A combustion chamber of a gas turbine, with at least one shingle that including a plate-shaped shingle body that has a circumferential shingle edge which is raised from the side that is facing away from the combustion chamber interior space, and which abuts against a combustion chamber wall in the mounted state of the shingle, wherein the shingle body is provided with an arrangement of effusion cooling holes, and the combustion chamber wall is provided with an arrangement of impingement cooling holes in the area of the shingle, wherein the arrangement of impingement cooling holes has a lateral distance to the shingle edge that is between 1.5 and 2 times the distance of the surface of the combustion chamber wall to the surface of the shingle body, and that the distance of the arrangement of impingement cooling holes is between 1.1 and 3 times the lateral distance in the corner areas of the shingle.

Description

The invention relates to a combustion chamber of a gas turbine according to the features of the generic term of claim 1.

Specifically, the invention relates to a combustion chamber of a gas turbine which is covered with shingles. At least one shingle comprises a plate-shaped shingle body which has a circumferential shingle edge. It extends from the cold side of the shingle body that is facing away from the combustion chamber's interior space to the combustion chamber wall and thus forms an intermediate space between the shingle body and the combustion chamber wall. Cooling air is introduced into this intermediate space through impingement cooling holes, and is subsequently discharged through effusion cooling holes of the shingle body located at its surface. For this purpose, the shingle body is provided with an arrangement of effusion cooling holes, which may for example be embodied in a row-shaped manner or with another arrangement with respect to each other. The impingement cooling holes of the shingle wall are also embodied in a suitable arrangement.
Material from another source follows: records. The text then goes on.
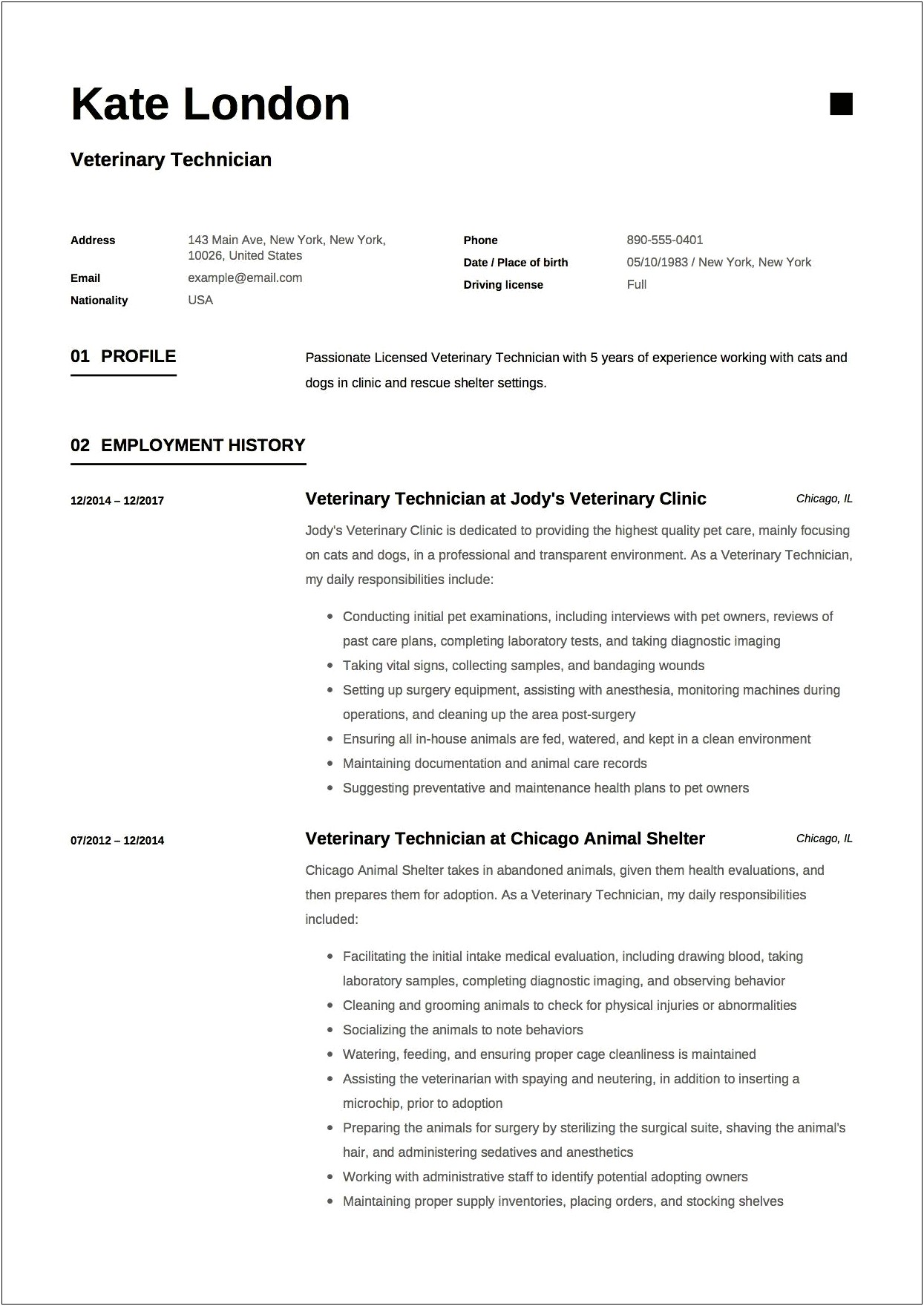 Skills On A Vet Techs Resume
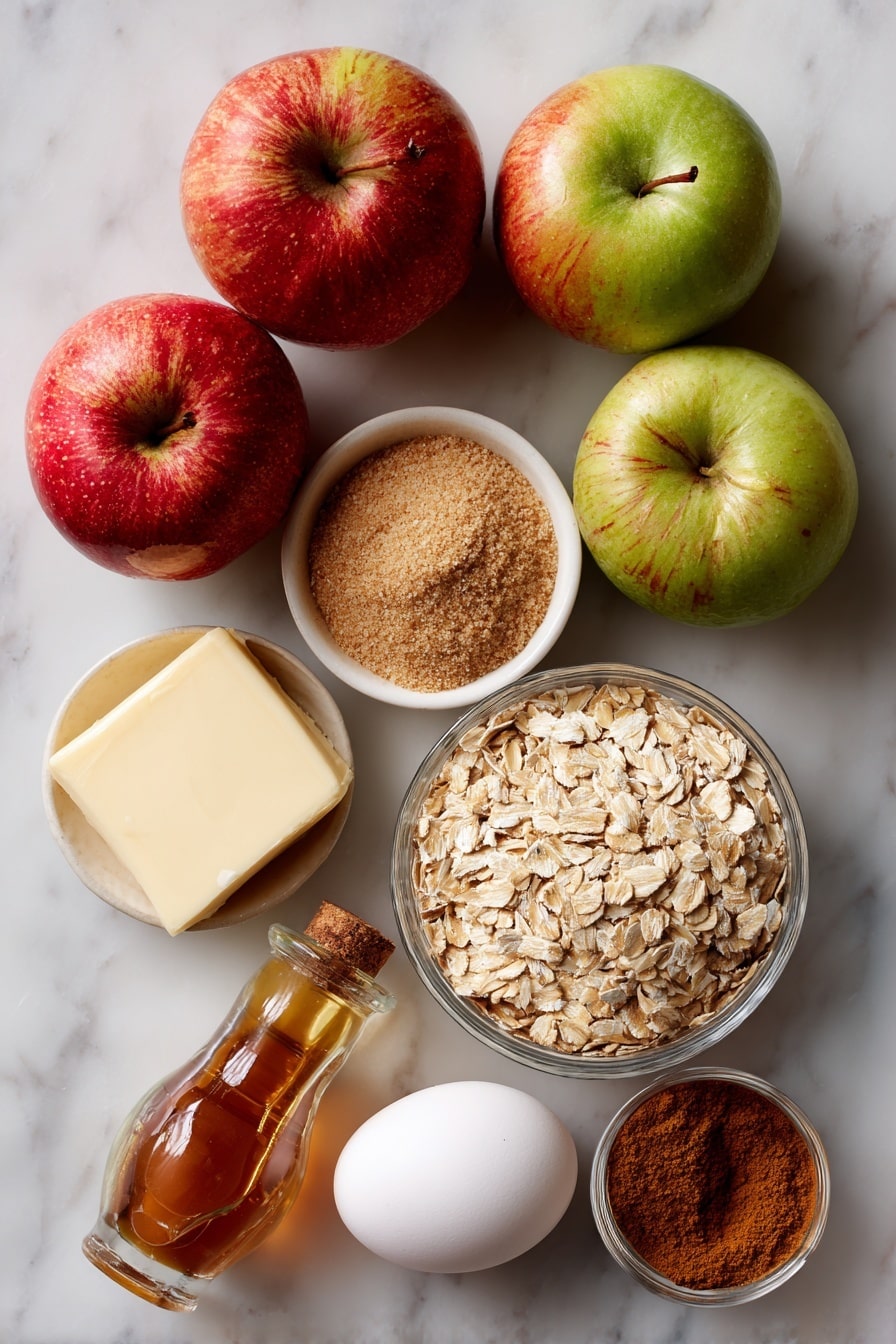 Flat lay of chopped fresh apples with their red and green skin, a neat pile of old-fashioned rolled oats, a small mound of light brown sugar, a stick of unsalted butter softened with a smooth texture, a scattering of ground cinnamon and nutmeg powders creating warm earthy tones, a single fresh egg with a clean shell, and a small glass bottle of vanilla extract, all beautifully arranged on a white marble surface, photo taken with an iphone --ar 2:3 --v 7 - Apple Oatmeal Cookies, easy apple oatmeal cookies, fall cookies with apples, homemade apple oatmeal treats, soft chewy apple cookies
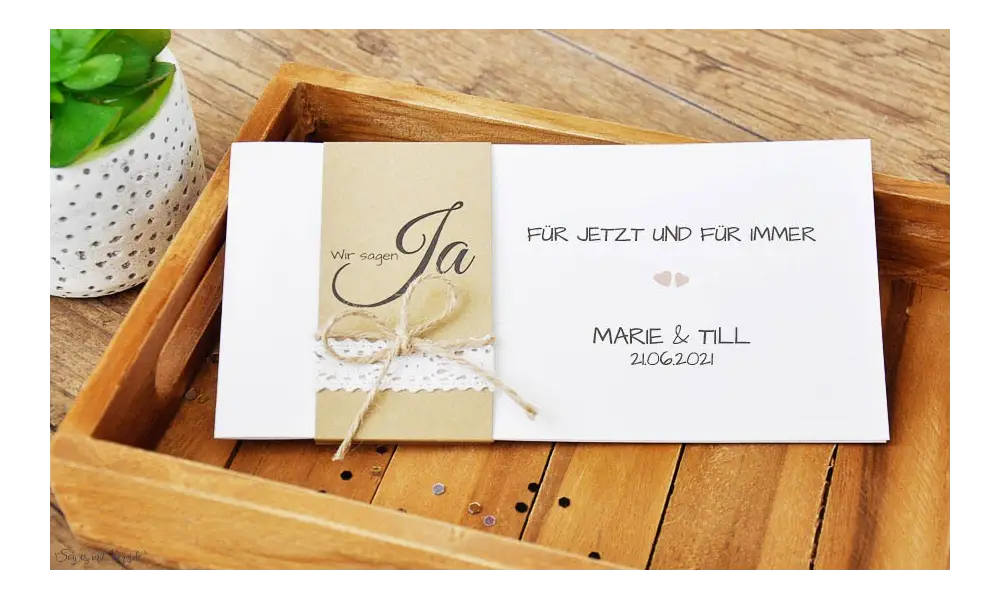 Einladungskarten Hochzeit Vintage Kraftpapier Banderole Spitze diy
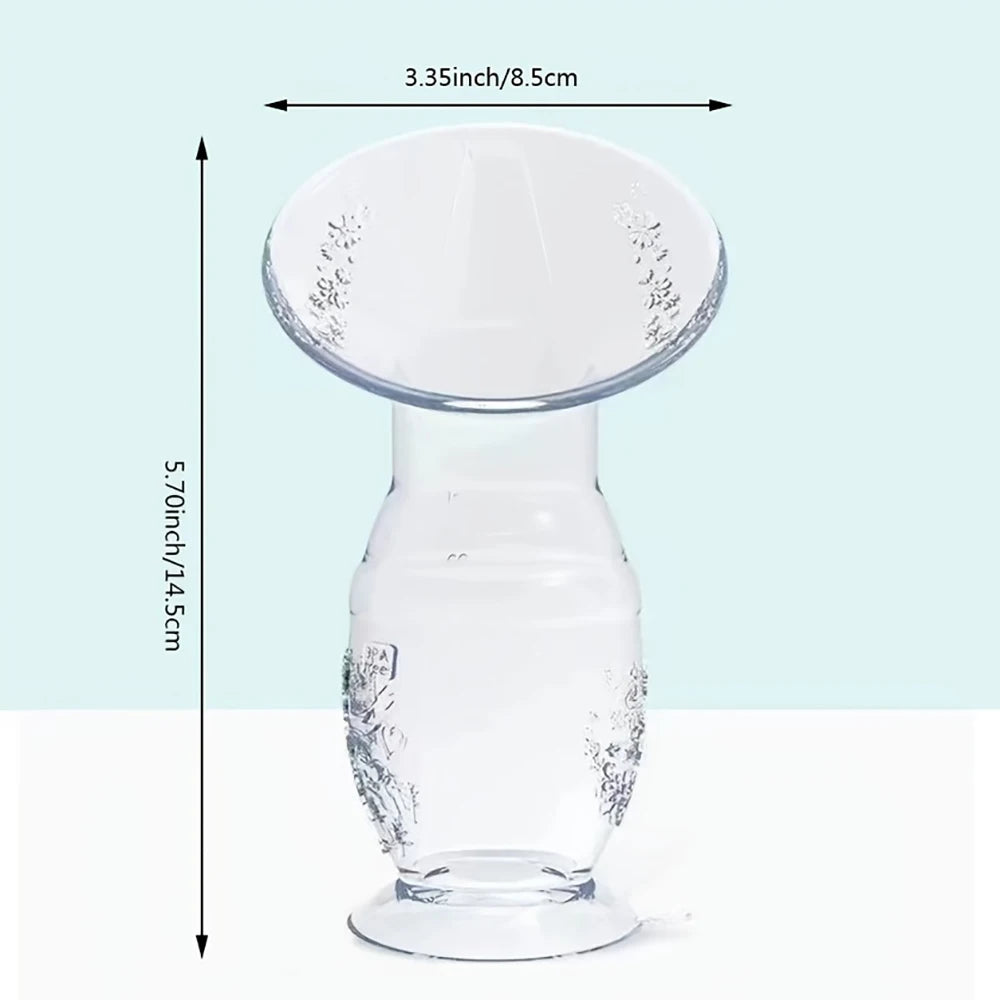 Manual Breast Pump with Scale&Diversion Trench, Soft Silicone Breastfeeding Pump, Milk Saver,Safe and Night Quiet Pumping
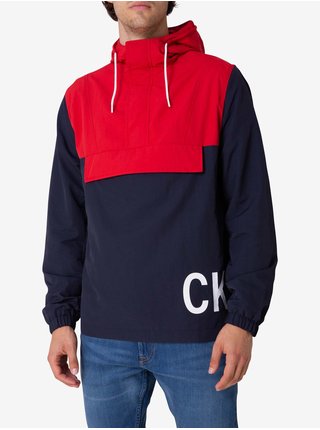 Červeno-modrá pánská bunda Calvin Klein 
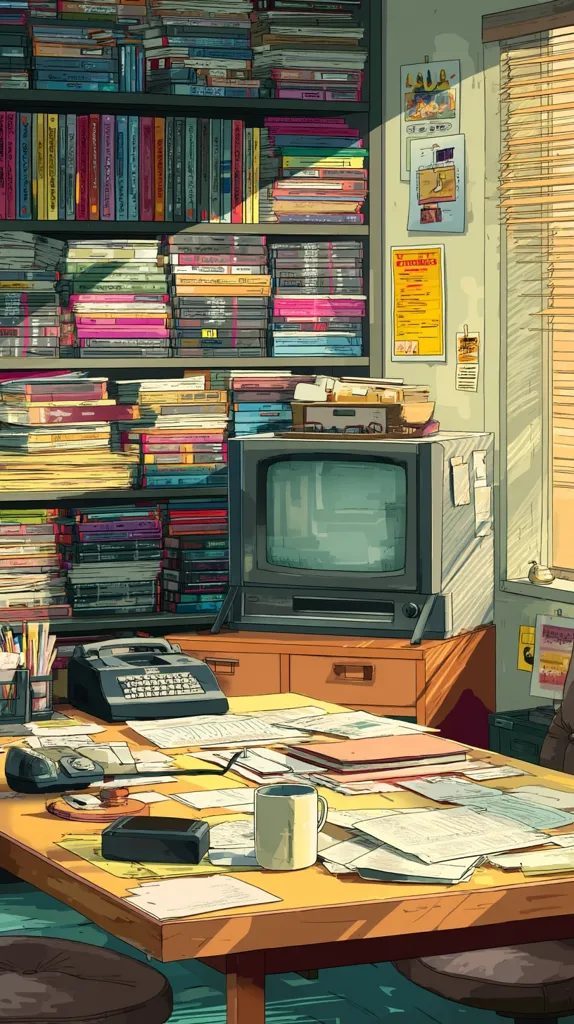 A sunlit desk overflows with papers, a typewriter, and a telephone.  A vintage television sits beside a towering bookshelf crammed with books and media.  The room's aesthetic is retro, with posters and a window featuring Venetian blinds adding to the nostalgic ambiance.  The overall scene suggests a writer's or researcher's workspace, brimming with activity and the accumulation of knowledge.
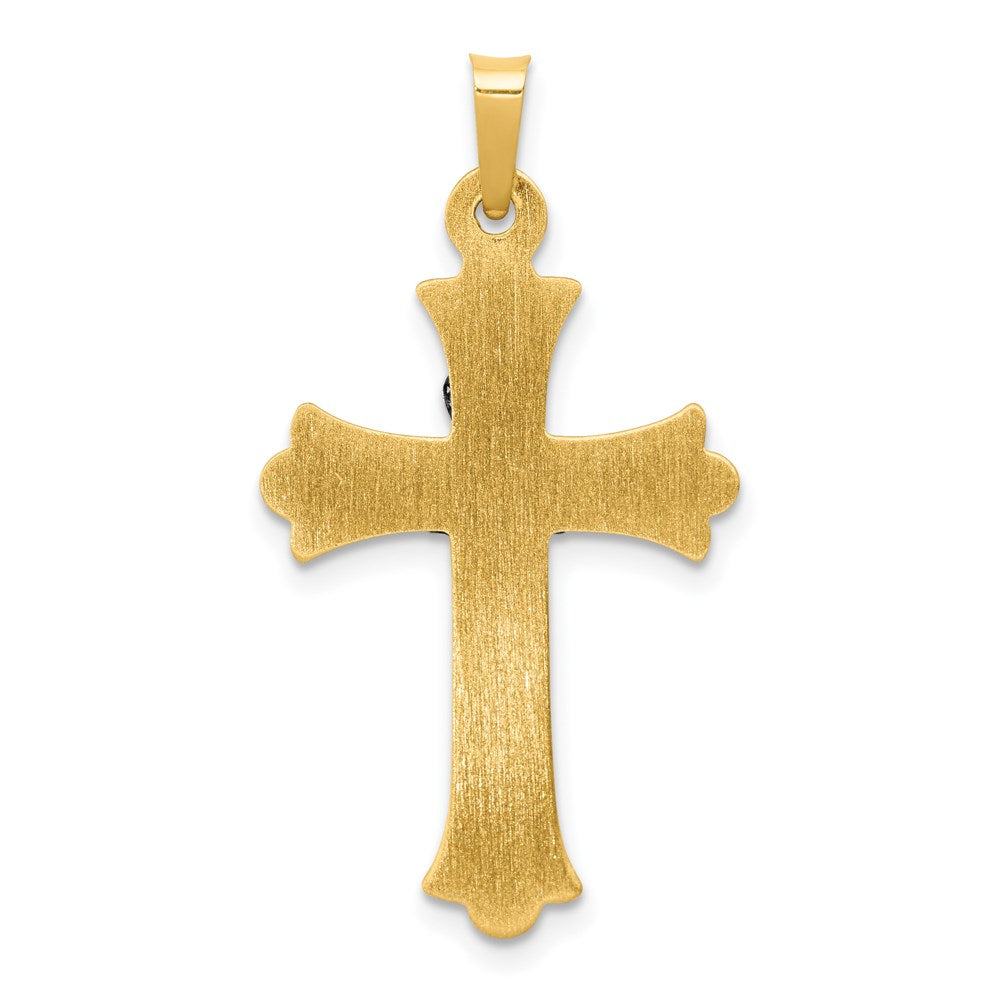 Million Charms 14K Two-Tone Claddagh Relgious Cross Pendant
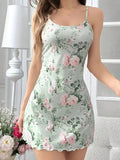 Summer Green Vintage Floral Print Nightdress Women Nighties Sleepwear Slip Sleep Dress Breathable Comfortable Home Wear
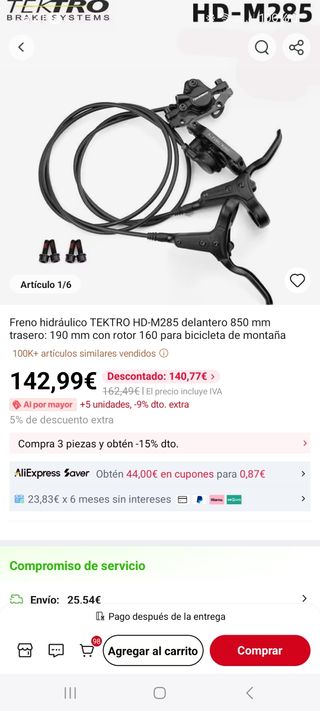 Pareja de Frenos hidráulicos Tektro HD-M285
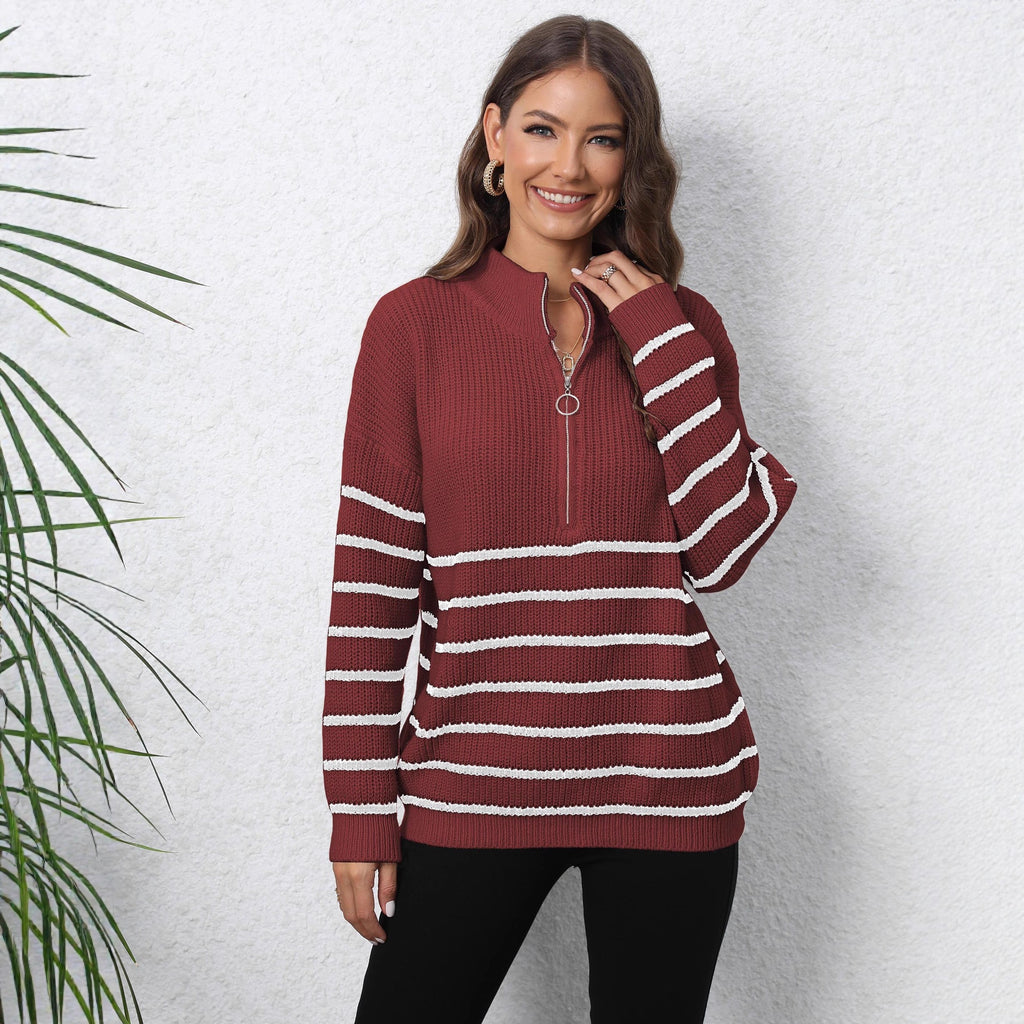 Pull ample à col montant zippé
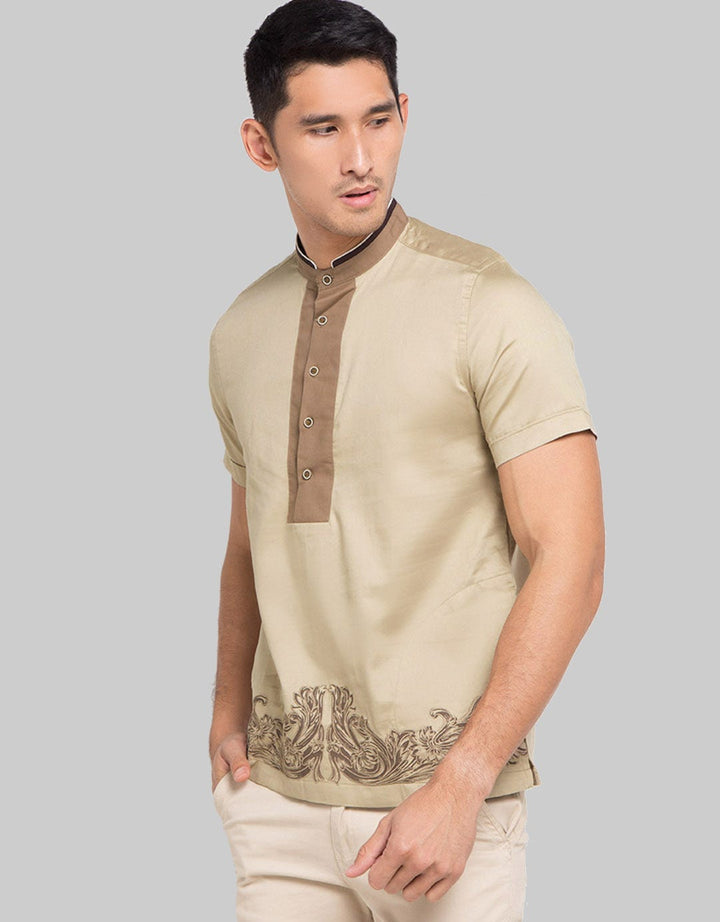 MOC Baju Koko Lengan Pendek Waffel Pria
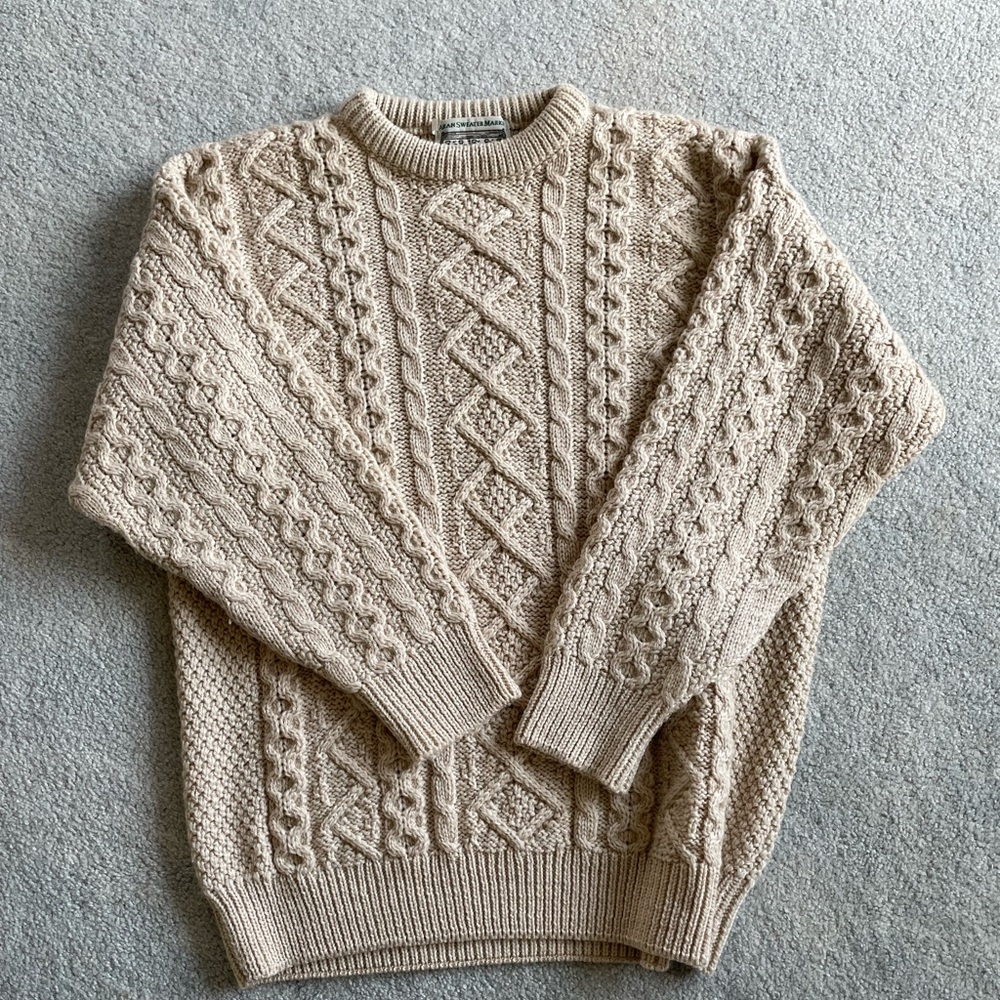 Aran sweater market wool unisex sweater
As for the state of the art, at first EP 0 576 435 B1 is referred to. It shows a structure that is illustrated in FIG. 2. Here, it is shown that a shingle 25 has a substantially plate-shaped shingle body 29 that is delimited by a shingle edge 31. The shingle edge 31 extends from the shingle body 29 in the direction towards the combustion chamber wall 32 to form an intermediate space 35. The combustion chamber wall 32 is provided with impingement cooling holes 34 to introduce cooling air into the intermediate space 35. This cooling air flows out of the intermediate space 35 through the effusion cooling holes 33 that are formed in the shingle body 29. Due to the fact that the shingle edge 31 cannot be arranged in a sealing manner at the combustion chamber wall 32, there is always a leakage, which is illustrated as leakage air 36. Thus, a part of the air volume that is supplied through the impingement cooling holes 34 flows from the intermediate space 35 unused as leakage air 36, and cannot be used to flow through the effusion cooling holes 33.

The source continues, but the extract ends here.